## INSTRUCTIONS TO FOLLOW
Retype exactly the span of lines below from the one with "2023年B站全面推廣計(j" through the one with "Right Here Waiting (feat. Richard Marx)". Do not include pictures.
[EXERCISE MATERIAL — start]
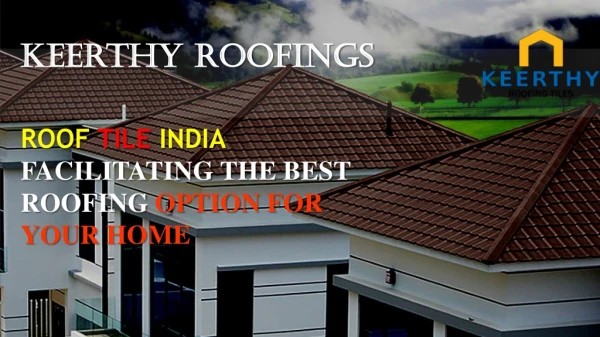 Roof Tile India: Facilitating the Best Roofing Option for Your Home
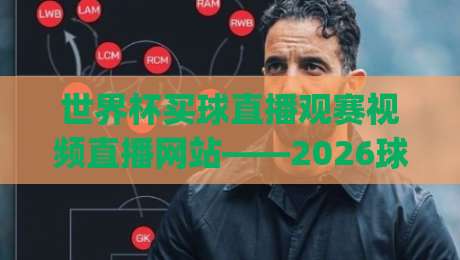 世界杯买球直播观赛视频直播网站——2026球迷必收藏的五大观赛神器(世界杯买球直播观赛视频直播网站) 世界杯买球直播观赛视频直播网站——2026球迷必收藏的五大观赛神器(世界杯买球直播观赛视频直播网站)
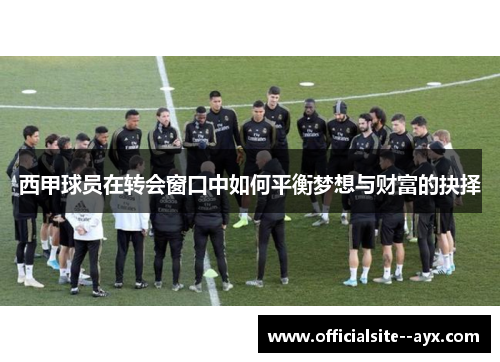 西甲球员在转会窗口中如何平衡梦想与财富的抉择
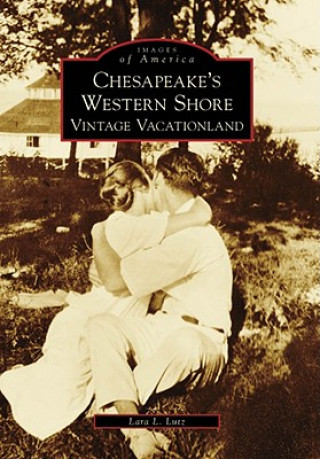 Kniha Chesapeake's Western Shore: Vintage Vacationland Lara L. Lutz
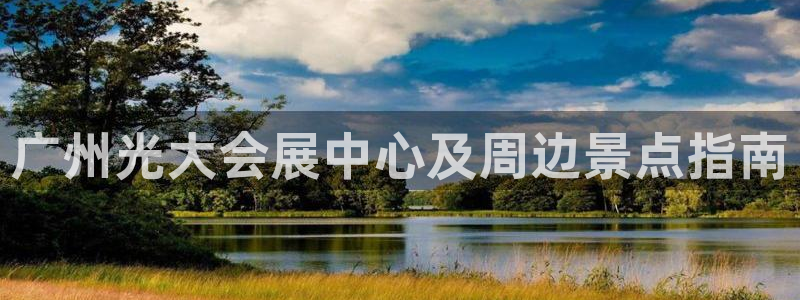 果搏代理：广州光大会展中心及周边景点指南
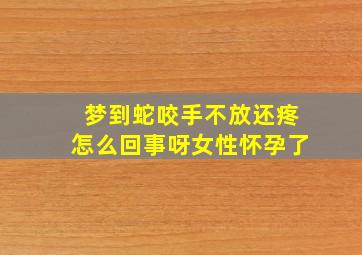 梦到蛇咬手不放还疼怎么回事呀女性怀孕了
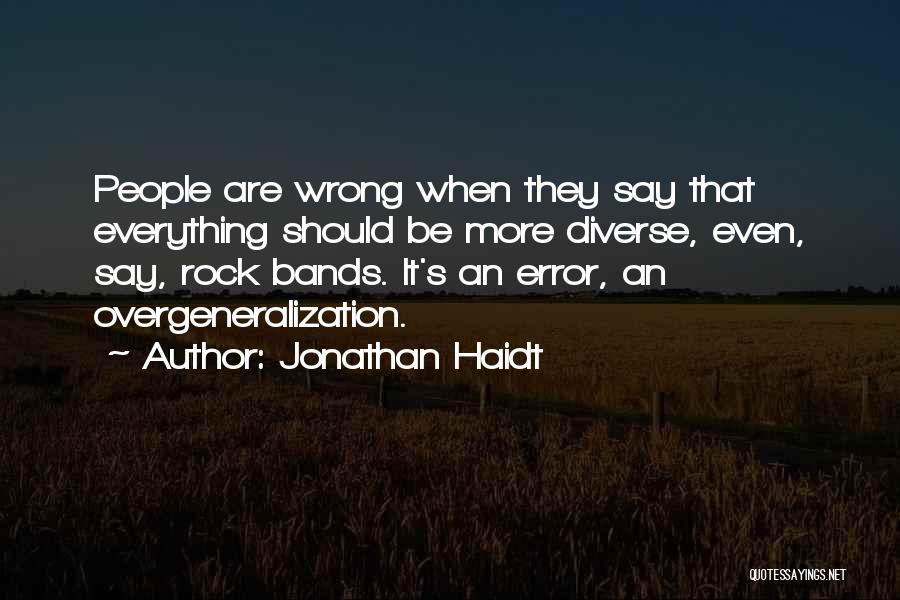 Rock Bands Quotes By Jonathan Haidt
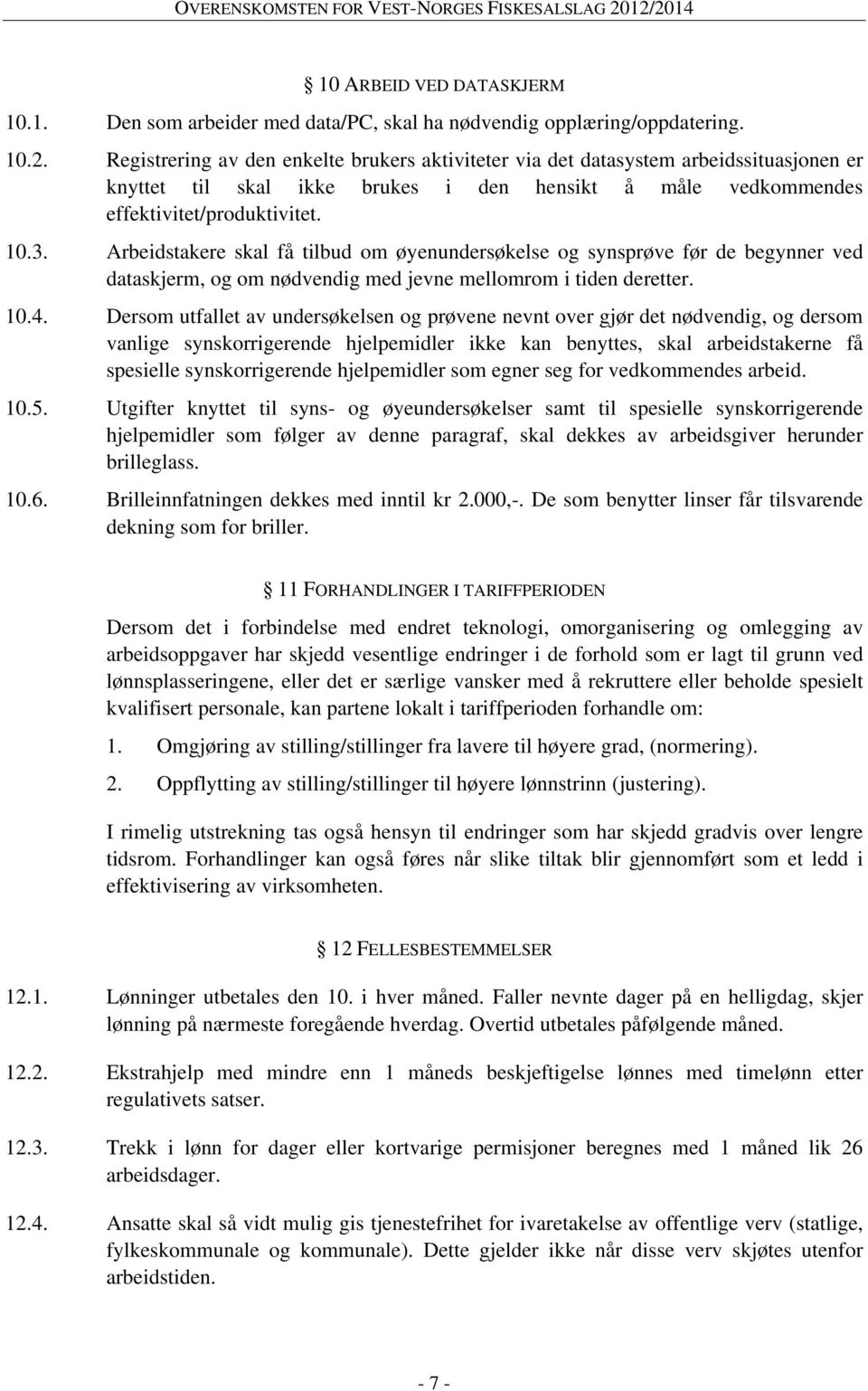 Arbeidstakere skal få tilbud om øyenundersøkelse og synsprøve før de begynner ved dataskjerm, og om nødvendig med jevne mellomrom i tiden deretter. 10.4.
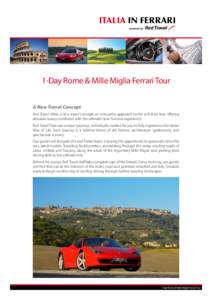 Italia in FERRARI  1-Day Rome & Mille Miglia Ferrari Tour A New Travel Concept Red Travel offers a new travel concept; an innovative approach to the self-drive tour offering absolute luxury combined with the ultimate Gra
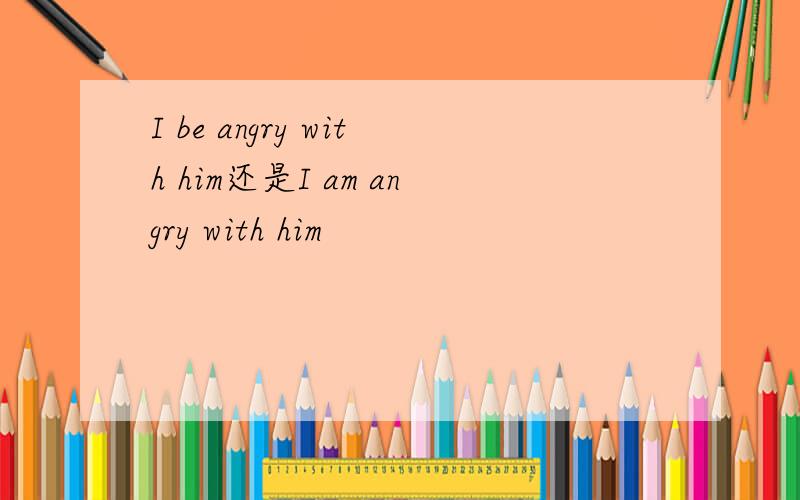 I be angry with him还是I am angry with him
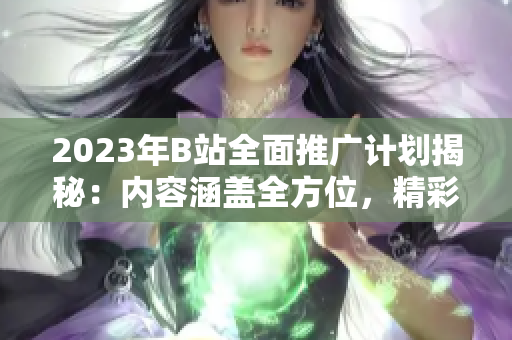 2023年B站全面推廣計(jì)劃揭秘：內(nèi)容涵蓋全方位，精彩紛呈！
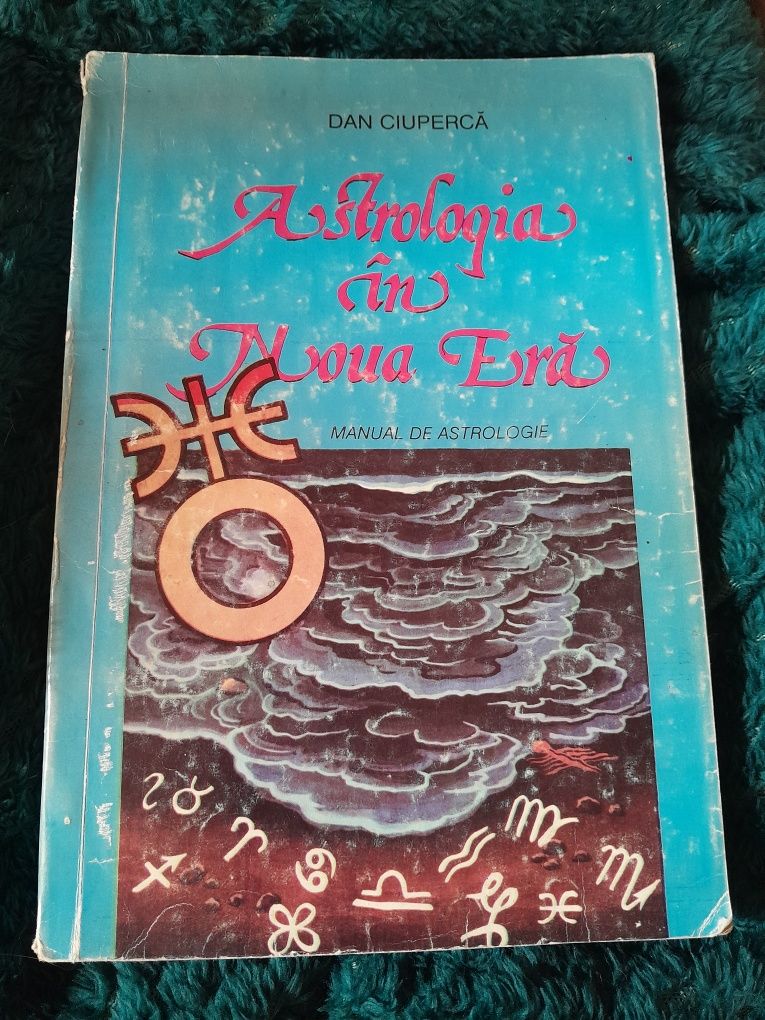 RARA Dan Ciuperca - Astrologia in Noua Era, manual complex astrologie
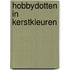 Hobbydotten in kerstkleuren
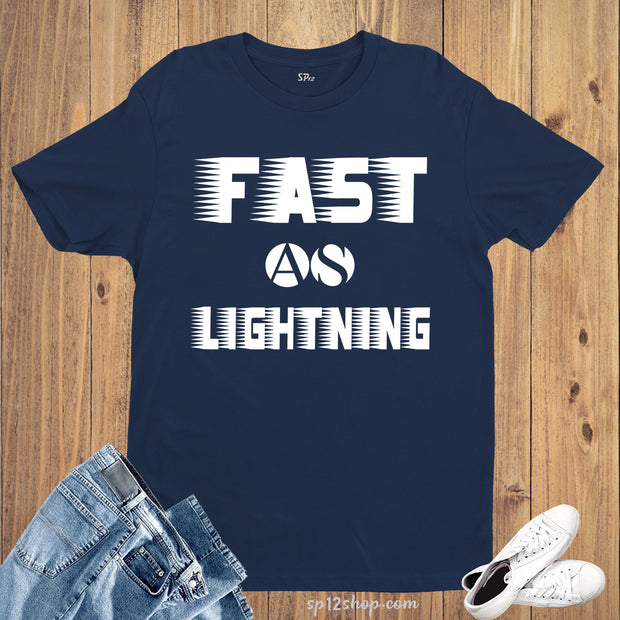 Fast As Lightning Athlete Fitness Slogan Sports T Shirt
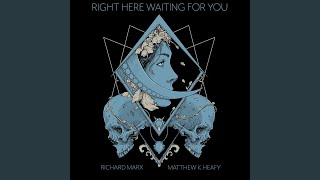 Right Here Waiting (feat. Richard Marx)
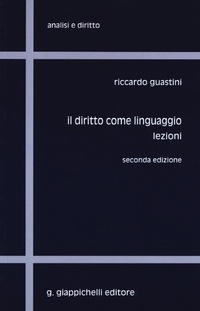 Abbildung von: Il diritto come linguaggio. Lezioni - Analisi e diritto. Serie teorica;Giappichelli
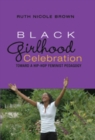 Black Girlhood Celebration : Toward a Hip-Hop Feminist Pedagogy - Book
[EXERCISE MATERIAL — finish]
## EXERCISE OUTPUT
 2023年B站全面推廣計(jì)劃揭秘：內(nèi)容涵蓋全方位，精彩紛呈！
 RARA Dan Ciuperca - Astrologia in Noua Era, manual complex astrologie
 Hobbydotten in kerstkleuren
 Fast As Lightning Athlete Fitness Slogan Sports T Shirt
 Right Here Waiting (feat. Richard Marx)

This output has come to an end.